The Bell & Bernard Limited Advantage
Canada’s Duty to Consult and Accommodate Law has created new leverage for First Nations to benefit from resource development but the law is not clearly defined in practice and is continually evolving since its implementation about 2006.
The legal approach to consultation of measuring environmental impacts on traditional lands and providing commensurate compensation is not always what takes place in practice in 2014. New trends are replacing old paradigms.
Bell & Bernard Limited has been working on the ground floor by participating in many successful consultations and negotiations between developers and First Nations and witnessing approaches that work and fail.
Some developers enjoy positive relationships with aboriginal communities while some are unable to establish a positive working relationship. This can result in delays, increased costs, and sometimes opposition to projects including litigation.
Having the experience of working on multiple renewable energy projects including wind, solar and hydroelectric as well as mining all across Canada, Bell & Bernard Limited possesses an intimate understanding of the types of agreements that are currently being concluded between developers and First Nations from Québec to northern Ontario to British Columbia.
Bell & Bernard Limited understands why some projects fail and some succeed.
For First Nations
Having led many negotiations between First Nations and Métis communities and energy and mining developers, Bell & Bernard Limited offers objective insight to First Nations and Métis communities regarding what constitutes a fair and good deal. Some aboriginal communities prefer equity participation while others prefer revenue sharing. Each year, new precedents take place and evolve the type of benefit agreements being enjoyed by First Nations. Mr. Bell’s negotiations are part of the evolution in consultation and benefits packages for aboriginal communities.
Mr. Bell has gained insight to environmental issues and can put environmental impacts into a context for aboriginal communities and translate these impacts into commensurate accommodation and compensation. Mr. Bell has a good understanding of environmental issues related to radiation, mercury, and by products of mining such as arsenic, radon, and other types of impacts.
His approach in working with First Nations is practical, friendly and efficient. Mr. Bell pushes the envelope to accrue economic benefits, community contributions, and procurement and employment opportunities for First Nations and Métis while operating within the economic parameters of each project.
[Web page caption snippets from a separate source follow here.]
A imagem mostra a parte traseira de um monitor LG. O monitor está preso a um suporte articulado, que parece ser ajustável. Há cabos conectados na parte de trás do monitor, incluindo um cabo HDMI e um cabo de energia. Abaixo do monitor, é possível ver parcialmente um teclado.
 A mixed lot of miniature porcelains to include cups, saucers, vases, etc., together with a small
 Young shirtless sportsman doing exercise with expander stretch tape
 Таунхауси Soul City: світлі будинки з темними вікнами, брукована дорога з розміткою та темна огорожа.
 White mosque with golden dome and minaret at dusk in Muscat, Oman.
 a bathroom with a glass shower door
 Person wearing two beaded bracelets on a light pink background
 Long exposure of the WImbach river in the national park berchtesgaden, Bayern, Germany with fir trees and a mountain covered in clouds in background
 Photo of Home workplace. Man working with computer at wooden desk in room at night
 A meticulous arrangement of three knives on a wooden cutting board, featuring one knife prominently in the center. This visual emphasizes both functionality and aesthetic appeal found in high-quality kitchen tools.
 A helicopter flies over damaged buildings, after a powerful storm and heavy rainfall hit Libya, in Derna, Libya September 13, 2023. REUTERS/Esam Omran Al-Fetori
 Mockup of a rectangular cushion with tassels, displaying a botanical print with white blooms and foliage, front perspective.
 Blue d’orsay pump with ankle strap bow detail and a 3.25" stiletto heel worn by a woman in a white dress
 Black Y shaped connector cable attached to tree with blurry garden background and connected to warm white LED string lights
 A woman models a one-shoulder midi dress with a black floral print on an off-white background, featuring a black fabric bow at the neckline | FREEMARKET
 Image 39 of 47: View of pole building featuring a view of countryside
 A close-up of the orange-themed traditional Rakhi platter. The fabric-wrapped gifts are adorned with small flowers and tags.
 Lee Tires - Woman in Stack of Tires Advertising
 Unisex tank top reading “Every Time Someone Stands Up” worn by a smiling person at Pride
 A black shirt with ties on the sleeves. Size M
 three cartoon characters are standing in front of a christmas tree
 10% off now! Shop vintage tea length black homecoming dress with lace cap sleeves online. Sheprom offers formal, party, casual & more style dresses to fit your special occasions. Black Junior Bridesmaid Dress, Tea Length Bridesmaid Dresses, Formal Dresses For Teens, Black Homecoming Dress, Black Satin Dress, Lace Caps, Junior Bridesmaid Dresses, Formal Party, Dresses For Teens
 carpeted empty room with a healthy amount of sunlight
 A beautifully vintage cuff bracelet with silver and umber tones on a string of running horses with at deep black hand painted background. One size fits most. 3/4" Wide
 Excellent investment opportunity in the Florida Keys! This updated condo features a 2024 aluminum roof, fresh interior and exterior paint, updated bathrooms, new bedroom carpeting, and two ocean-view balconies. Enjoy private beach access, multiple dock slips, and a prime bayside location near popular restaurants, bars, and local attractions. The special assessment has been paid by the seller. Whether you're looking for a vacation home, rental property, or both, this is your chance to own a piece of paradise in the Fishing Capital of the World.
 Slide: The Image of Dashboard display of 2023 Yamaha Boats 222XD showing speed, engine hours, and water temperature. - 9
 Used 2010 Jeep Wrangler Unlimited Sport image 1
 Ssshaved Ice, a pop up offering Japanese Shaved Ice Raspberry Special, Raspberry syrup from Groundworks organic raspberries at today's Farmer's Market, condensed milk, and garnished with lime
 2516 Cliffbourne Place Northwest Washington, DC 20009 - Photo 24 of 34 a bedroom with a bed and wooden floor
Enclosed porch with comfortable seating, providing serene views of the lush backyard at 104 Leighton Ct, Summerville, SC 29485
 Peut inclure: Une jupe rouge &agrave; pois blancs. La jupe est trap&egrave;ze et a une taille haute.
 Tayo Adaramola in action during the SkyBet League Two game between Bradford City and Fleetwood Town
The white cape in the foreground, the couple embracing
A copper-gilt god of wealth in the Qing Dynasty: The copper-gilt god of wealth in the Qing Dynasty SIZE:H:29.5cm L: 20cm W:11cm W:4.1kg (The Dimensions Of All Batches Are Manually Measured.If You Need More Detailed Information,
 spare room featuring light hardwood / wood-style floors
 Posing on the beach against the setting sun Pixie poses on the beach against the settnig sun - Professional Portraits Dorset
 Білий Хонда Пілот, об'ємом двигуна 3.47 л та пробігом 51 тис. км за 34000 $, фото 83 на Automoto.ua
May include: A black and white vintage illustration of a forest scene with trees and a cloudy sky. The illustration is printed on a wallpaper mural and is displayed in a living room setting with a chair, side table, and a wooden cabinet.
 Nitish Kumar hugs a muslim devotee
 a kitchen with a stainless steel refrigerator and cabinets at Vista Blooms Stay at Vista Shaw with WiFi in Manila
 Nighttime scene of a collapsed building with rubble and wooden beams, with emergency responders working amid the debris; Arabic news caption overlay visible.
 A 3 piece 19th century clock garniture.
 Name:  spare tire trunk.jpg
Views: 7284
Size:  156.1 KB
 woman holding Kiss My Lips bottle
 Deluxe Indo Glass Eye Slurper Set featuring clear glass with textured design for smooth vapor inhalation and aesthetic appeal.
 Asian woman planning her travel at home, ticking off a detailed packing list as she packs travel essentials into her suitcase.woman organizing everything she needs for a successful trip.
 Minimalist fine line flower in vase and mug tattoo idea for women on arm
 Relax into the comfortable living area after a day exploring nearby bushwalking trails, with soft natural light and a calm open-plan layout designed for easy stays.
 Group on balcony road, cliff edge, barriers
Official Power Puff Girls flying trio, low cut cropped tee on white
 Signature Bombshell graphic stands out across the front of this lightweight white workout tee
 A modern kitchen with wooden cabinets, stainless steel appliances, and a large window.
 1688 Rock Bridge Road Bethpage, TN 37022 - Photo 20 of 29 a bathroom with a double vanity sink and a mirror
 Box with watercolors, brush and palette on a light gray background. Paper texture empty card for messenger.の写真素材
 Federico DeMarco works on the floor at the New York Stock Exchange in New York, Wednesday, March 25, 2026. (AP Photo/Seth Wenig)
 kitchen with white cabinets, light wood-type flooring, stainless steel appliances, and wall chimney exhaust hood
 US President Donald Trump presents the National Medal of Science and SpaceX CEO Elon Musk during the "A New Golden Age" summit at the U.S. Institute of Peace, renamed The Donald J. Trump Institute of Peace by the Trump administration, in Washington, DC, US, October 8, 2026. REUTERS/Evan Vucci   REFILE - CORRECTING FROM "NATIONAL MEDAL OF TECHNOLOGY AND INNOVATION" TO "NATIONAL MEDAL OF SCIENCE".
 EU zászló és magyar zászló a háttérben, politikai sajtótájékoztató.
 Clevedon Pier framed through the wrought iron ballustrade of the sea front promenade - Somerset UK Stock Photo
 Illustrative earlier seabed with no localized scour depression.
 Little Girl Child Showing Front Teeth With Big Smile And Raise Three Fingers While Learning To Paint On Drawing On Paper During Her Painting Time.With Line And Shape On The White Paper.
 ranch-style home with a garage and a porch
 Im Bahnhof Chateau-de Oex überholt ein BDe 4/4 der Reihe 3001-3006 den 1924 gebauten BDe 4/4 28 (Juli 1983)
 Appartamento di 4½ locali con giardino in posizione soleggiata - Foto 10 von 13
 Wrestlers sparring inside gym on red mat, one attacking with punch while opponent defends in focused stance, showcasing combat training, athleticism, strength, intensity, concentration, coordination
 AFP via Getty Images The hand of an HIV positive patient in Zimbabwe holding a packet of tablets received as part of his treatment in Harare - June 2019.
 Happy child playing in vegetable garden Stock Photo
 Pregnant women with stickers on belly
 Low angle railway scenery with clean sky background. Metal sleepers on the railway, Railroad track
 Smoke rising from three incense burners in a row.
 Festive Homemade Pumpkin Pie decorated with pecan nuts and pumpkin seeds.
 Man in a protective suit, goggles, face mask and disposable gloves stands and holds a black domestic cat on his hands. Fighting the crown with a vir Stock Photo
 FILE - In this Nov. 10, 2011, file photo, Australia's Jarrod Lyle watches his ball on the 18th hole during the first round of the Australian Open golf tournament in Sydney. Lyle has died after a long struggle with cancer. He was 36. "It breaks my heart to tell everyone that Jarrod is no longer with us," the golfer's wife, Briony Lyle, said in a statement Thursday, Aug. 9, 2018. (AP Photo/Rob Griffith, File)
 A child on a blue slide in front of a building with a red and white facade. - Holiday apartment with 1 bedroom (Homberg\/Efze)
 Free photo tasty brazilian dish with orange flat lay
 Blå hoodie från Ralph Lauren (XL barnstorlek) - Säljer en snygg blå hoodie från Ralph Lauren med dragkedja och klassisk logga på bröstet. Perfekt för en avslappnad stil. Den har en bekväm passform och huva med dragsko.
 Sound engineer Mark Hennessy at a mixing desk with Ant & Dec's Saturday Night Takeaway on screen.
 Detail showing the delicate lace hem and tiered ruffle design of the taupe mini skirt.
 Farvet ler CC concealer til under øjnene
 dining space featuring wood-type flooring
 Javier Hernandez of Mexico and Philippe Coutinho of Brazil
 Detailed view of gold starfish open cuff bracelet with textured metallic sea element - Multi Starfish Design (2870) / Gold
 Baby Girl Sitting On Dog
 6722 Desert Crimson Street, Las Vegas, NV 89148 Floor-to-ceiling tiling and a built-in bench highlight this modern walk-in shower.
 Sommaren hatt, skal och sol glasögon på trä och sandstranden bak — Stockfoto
His extensive network in corporate Canada, all levels of government and First Nations communities is unsurpassed. He sources capital for First Nations projects and is well known for connecting projects to money.
Mr. Bell is also well known for mitigating grievances brought forward by First Nations. He can solve issues in a reasonable and respectful manner and is well known for getting the job done and resolving disputes.
For resource developers, aboriginal consultation ranks high on the risk profile list for resource development. Mr. Bell has developed an unprecedented network in First Nations communities all across Canada, a result of his ground breaking work with the National Aboriginal Achievement Foundation (now Indspire). His reputation as a visionary is underscored and reflected in his many positive and enduring relationships in First Nation communities across Canada.
Many aboriginal leaders today were financially supported by the National Aboriginal Achievement Foundation in the past 30 years. Mr. Bell is welcomed and honoured in many communities across Canada and remains committed to the community through his many activities and board memberships. He is regularly consulted by First Nations as a trusted and experienced advisor.
Mr. Bell can navigate the way forward for developers to develop positive win-win commercial relationships and to avoid potential conflicts. He serves as a referee and honest broker engaging in a transparent discussion and negotiation between the parties.